Alex Tourk, 39, resigned as the mayor's re-election campaign manager last week after confronting Newsom about his affair with Tourk's wife, Ruby Rippey-Tourk, 34, when she worked as his appointments secretary.

Newsom quickly agreed to keep Tourk on the campaign payroll, at a rate of $15,000 a month, until he found another job or until his employment contract expired after the November election. But the decision prompted criticism by some city officials who questioned whether it violated campaign finance laws.

"When contributors give money to a candidate, they have a reasonable expectation that candidate's going to use that money to get elected," said John St. Croix, executive director of the San Francisco Ethics Commission who contacted Newsom's campaign about the concerns.

After researching campaign finance law for several days, Newsom attorney Jim Sutton issued a statement Wednesday announcing the mayor's decision to pay Tourk out of his own pocket.

"Because the campaign laws on this are so unclear, the mayor decided the simplest and most appropriate thing to do was for him to personally pay any remaining salary to Alex Tourk until he gets a job," Sutton said.

No confidentiality agreement was attached to the salary arrangement, Sutton added.

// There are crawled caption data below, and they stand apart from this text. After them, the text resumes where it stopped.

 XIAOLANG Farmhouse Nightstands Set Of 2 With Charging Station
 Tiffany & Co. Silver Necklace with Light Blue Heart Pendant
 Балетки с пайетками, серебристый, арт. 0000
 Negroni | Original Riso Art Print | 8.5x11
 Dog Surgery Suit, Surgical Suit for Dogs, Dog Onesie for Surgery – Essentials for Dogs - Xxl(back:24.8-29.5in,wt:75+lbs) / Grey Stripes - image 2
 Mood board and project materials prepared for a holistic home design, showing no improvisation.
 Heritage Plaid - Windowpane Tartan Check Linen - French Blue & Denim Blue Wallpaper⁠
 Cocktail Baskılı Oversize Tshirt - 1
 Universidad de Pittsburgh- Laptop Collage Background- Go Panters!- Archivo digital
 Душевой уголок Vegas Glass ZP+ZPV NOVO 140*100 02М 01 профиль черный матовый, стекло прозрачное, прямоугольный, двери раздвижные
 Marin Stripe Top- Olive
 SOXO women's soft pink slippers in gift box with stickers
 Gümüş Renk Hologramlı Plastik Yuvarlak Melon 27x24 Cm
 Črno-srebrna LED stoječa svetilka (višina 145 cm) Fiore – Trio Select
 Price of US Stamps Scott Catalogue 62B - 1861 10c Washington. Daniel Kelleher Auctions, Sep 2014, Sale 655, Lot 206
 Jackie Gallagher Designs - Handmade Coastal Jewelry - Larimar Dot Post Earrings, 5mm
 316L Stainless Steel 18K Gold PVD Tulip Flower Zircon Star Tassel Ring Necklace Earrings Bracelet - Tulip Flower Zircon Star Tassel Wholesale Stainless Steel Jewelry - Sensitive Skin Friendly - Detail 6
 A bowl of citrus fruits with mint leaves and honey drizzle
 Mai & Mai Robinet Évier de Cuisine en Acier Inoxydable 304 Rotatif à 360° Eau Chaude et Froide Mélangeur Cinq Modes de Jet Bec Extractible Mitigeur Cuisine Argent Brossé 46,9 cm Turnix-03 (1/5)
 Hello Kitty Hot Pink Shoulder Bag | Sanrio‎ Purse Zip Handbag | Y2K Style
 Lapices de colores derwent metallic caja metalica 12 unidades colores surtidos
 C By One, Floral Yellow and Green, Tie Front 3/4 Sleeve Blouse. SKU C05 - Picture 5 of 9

Tourk's spokesman, Sam Singer, told KTVU-TV that Tourk accepted the offer, but likely would not need the payments for long because he's been fielding numerous job offers.

"Alex worked very hard for the mayor, was very loyal to him, had no part obviously in what happened," Singer said. "He's got a 3-year-old son to take care of, a mortgage and a wife. So he needs to have this payment until he finds his next job."